In Warner v. City of Bay St. Louis, 526 F.2d 1211 (5th Cir. 1976), a judgment was entered bearing an interest rate of 6%. The state legislature had in fact increased the applicable rate of interest to 8% Shortly before entry of the judgment. The court denied a motion brought under Rule 60(a) to amend the judgment, and observed that there was no allegation that the mistake was typographical, inadvertent, or made in transcribing the judgment. Id. at 1212. Thus, the court stated that no contention was made "that the district court Intended that its judgment read 8%." Id. (emphasis added). "To allow a party to correct alleged errors of law at any time by the mechanism of Rule 60(a) would significantly weaken the policy of finality as embodied in the Federal Rules." Id.


In Chicago and North Western Railway Co. v. Union Packing Co., 527 F.2d 592 (8th Cir. 1976) (per curiam), the petitioner sought an amendment of a judgment to allow an award of pre-judgment interest. The court held: "This circuit does not view the erroneous allowance or omission of prejudgment interest to be a clerical error within the purview of Rule 60(a)." See Hoffman v. Celebrezze, 405 F.2d 833 (8th Cir. 1969).
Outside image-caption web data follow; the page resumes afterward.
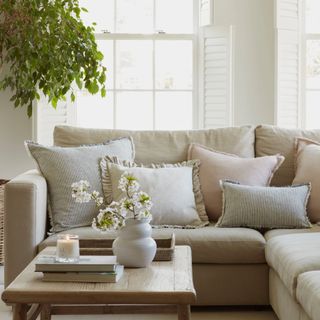 A light-coloured corner sofa with frilled throw cushions on top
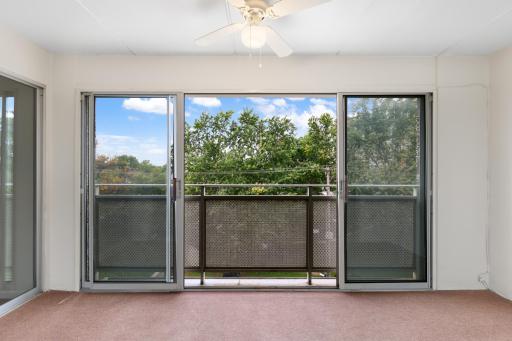 Enjoy a private enclosed balcony with large windows, a ceiling fan, and peaceful treetop viewsâan inviting space to relax and enjoy the outdoors from the comfort of home.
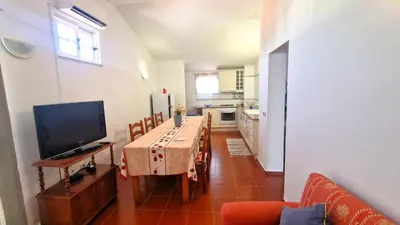 a living room with a table and a television and a kitchen at Apart Alfarrobinha - T2 - BY BEDZY in Tunes
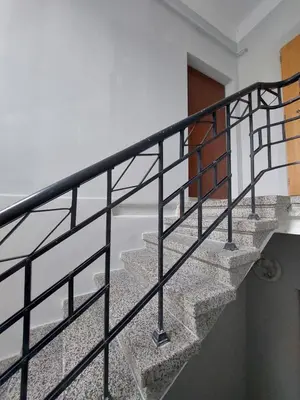 a staircase with black railings in a house at Maple Park Apartment in Kaunas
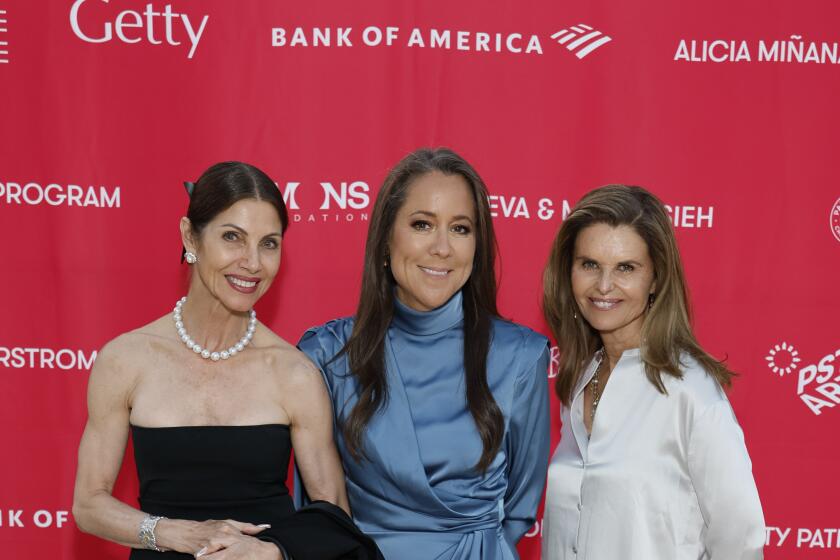 Three women in formalwear stand in front of a red background and pose for a photo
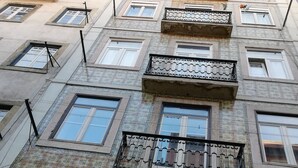 Un edificio de varios pisos con fachadas de baldosas decorativas, múltiples balcones y una variedad de estilos de ventanas.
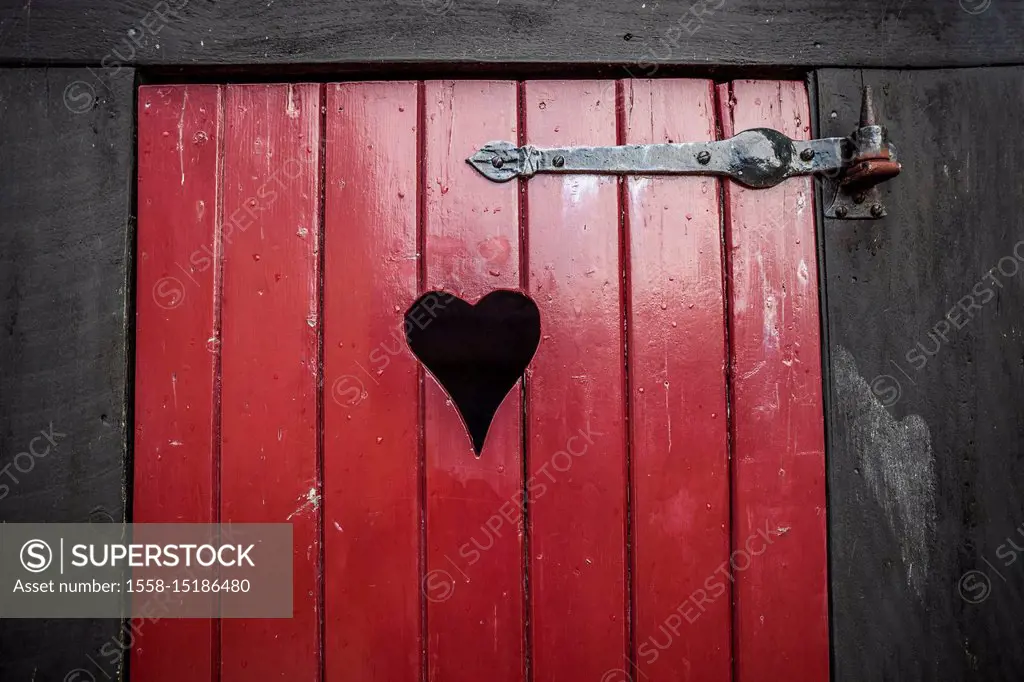 Detail of a red toilet door with heart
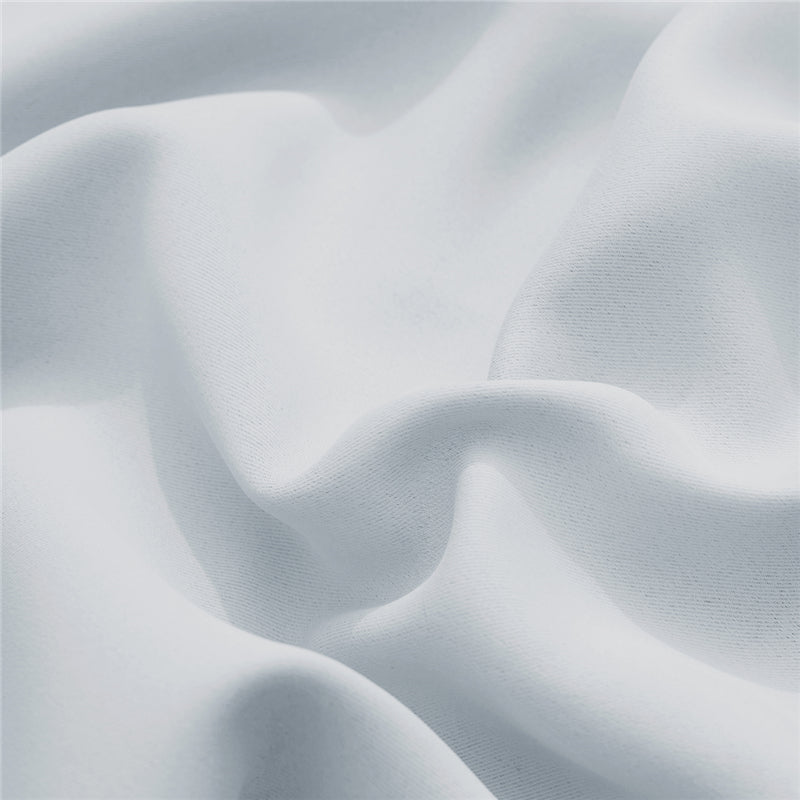 Detail of the white, textured waterproof outdoor curtain fabric, highlighting its soft weave and durable material.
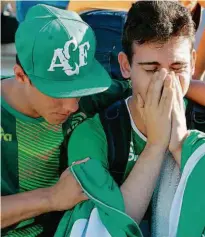  ?? Nelson Almeida/AFP Photo ?? Torcedor consola amigo na Arena Condá ontem, após acidente que vitimou a equipe de Chapecó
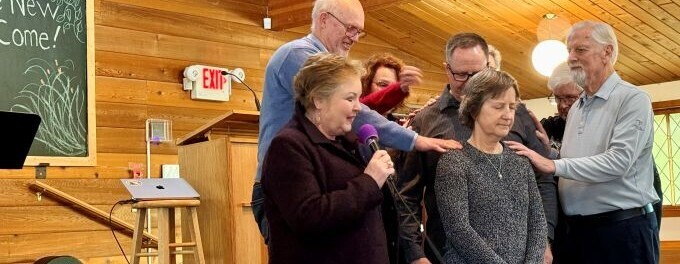 Elders laying on hands and praying for each other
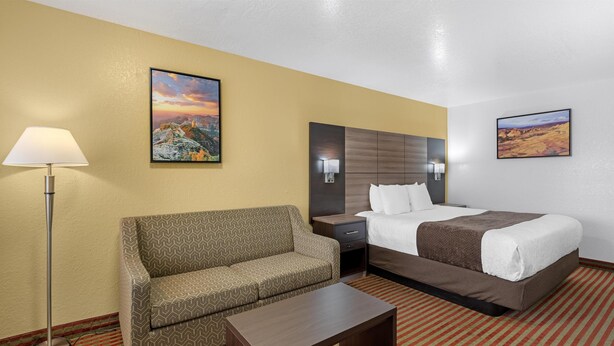 A hotel room with a sofa, a bed, a nightstand, a lamp, and two paintings on the walls.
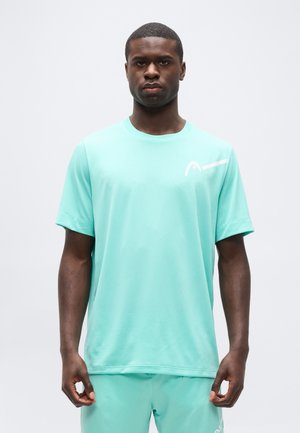 Man draagt een licht turquoise sportshirt en bijpassende korte broek, staat recht vooruit met een neutrale uitdrukking tegen een effen achtergrond.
The First Circuit reached a similar conclusion in Morgan Guaranty Trust Co. v. Third National Bank, 545 F.2d 758 (1976). While the court conceded that some mistakes in the computation of interest might be dealt with under Rule 60(a), these situations were limited to instances where the judgment failed to reflect the court's intention when the judgment was entered. In Morgan the court deliberately chose not to include interest in the judgment. The court found that "(i)f there was a mistake, it was not clerical but was based on an erroneous interpretation of the law and Morgan's contention raises a legal issue, the determination of which is well beyond the purview of Rule 60(a)." Id. at 760.


Professor Moore in his treatise has addressed the precise issue at bar:


Some cases have indicated that the failure of a judgment to include the interest to which the plaintiff is entitled is an error that can be corrected under Rule 60(a). It is of course possible that the failure to include interest may result from a clerical error, and such would be the case where the judgment rendered failed to reflect the actual intention of the court. But where there is no clerical error and the failure to include interest resulted from an error of law, then relief may be had only by motion under Rule 59 and within its short time limits, by appeal, or by motion under Rule 60(b).


6A J. Moore, Federal Practice P 60.06(4) at 4067-68 (footnotes omitted).4


In view of the unambiguous language of Rule 60(a), and the persuasive reasoning of the cases and scholarly comment discussed above, we would have no hesitation in reversing the order of the district court were it not for the opinion of this court in Greenberg v. Arsenal Bldg. Corp., 144 F.2d 292 (1944), rev'd on other grounds sub nom. Brooklyn Savings Bank v. O'Neil, 324 U.S. 697, 65 S.Ct. 895, 89 L.Ed. 1296 (1945).


That case was an action to recover attorney's fees, overtime compensation, and liquidated damages under the Fair Labor Standards Act. This court in a per curiam opinion held that the omission of pre-judgment interest "was of an item implicit in the past due compensation for overtime and liquidated damages by an oversight which, under Federal Rules of Civil Procedure, rule 60(a), was susceptible of correction even after appeal." Id. at 294-95 (citation omitted).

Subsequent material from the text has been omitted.